Minimum necessary product integration

At this point, it’s time to integrate a minimal version of your “AI component” with your product, so the next step is to start using the API instead of the console. Grab your favorite LLM-provider client (or just use their API — there are some good reasons to stick with HTTP) and integrate it into your product in the most minimal way possible. The point is to start building out the infrastructure, knowing that the results won’t be great yet.

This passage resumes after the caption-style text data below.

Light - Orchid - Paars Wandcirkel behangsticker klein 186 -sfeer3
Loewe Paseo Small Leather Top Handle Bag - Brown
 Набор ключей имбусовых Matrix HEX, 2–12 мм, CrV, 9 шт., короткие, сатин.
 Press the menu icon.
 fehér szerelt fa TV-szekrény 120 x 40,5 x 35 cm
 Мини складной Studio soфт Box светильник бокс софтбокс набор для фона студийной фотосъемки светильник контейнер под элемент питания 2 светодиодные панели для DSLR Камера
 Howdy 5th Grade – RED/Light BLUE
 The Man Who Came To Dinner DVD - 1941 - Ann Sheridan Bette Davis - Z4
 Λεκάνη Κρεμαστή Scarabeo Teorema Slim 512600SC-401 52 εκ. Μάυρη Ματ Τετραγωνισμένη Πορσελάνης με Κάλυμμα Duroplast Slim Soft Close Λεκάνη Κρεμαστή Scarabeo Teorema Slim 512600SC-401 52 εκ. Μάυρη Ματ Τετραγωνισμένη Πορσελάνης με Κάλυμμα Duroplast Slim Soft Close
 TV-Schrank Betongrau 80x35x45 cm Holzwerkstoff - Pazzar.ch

Some cheat codes at this point, based on my experience:

If you use mypy, you might be tempted to use strongly-typed inputs when interacting with the client (e.g., the OpenAI client), but my advice would be: don’t. While I like having mypy around, it’s much easier to work with plain dictionaries to build your messages and you’re not risking a lot of bugs.
In my experience, it’s a good idea to set temperature=0.0 in all your model calls if you care about reliability. You still won’t get perfect reproducibility, but it’s usually the best place to start your explorations.
If you’re thinking about using a wrapper like instructor to get structured data out of the LLM: it’s really cool and makes some use-cases very smooth, but also makes your code a little less flexible. I’d usually start without it and then bring it in at a later point, once I’m confident in the shape of my data.

Use an eval system to do prompt engineering

The first thing you should try after the naive “ask a simple question” approach is prompt engineering. While the phrase is common, I don’t think many people have an accurate definition of what “prompt engineering” actually means, so let’s define it first.

When I say “prompt engineering,” I mean something like, “iterative improvement of a prompt based on measurable success criteria”, where “iterative” and “measurable success criteria” are the key phrases. (I like this post from last year as an early attempt to define this.) The key is to have some way of determining whether an answer you get from an LLM is correct and then measuring correctness across examples to give you a number you can compare over time.

Create an evaluation loop so you have a way of checking any change you make, and then make that loop as fast as it can be so you can iterate effectively. For an overview of how to think about your eval systems, see this excellent blog post.

Evaluating when there are multiple correct answers

This whole procedure rhymes with “testing” and “collecting a validation set,” except for any given question there might be multiple correct answers, so it’s not obvious how to do this. Here are some situations and how to deal with them:

It’s possible to apply deterministic transformations on the output of the LLM before you compare it to the “known good” answer. An example might be the capitalization issue from earlier, or maybe you only ever want three first words as an output. Running these transformations will make it trivial to compare what you get with what you expect.
You might be able to use some heuristics to validate your output. E.g., if you’re working on summarization, you might be able to say something like “to summarize this story accurately, the following words are absolutely necessary” and then get away with doing string matching on the response.
Maybe you need the output in a certain format. E.g., you’re getting function calls or their arguments from an LLM or you’re expecting country codes or other well-defined outputs. In these cases, you can validate what you get against a known schema and retry in case of errors. In practice, you can use something like instructor — if you’re comfortable with the constraints it imposes, including around code flexibility — and then you’re left with straightforwardly comparing structured data.
In a true Inception fashion, you might want to use a simpler, smaller, and cheaper LLM to evaluate the outputs of your big-LLM-using-component. Comparing two differently-written, but equivalent lists of ingredients is an easy task even for something like GPT 3.5 Turbo. Just keep in mind: even thought it’s pretty reliable, you’re now introducing some flakiness into your test suite. Trade-offs!
To evaluate an answer, you might have to “execute” the entire set of instructions the agent gives you and check if you’ve reached the goal. This is more complex and time-consuming, but sometimes the only way. For example, we often ask an agent to achieve a goal inside a browser by outputting a series of instructions that might span multiple screens. The only way for us to check its answer is to execute the instructions inside Playwright and run some assertions on the final state.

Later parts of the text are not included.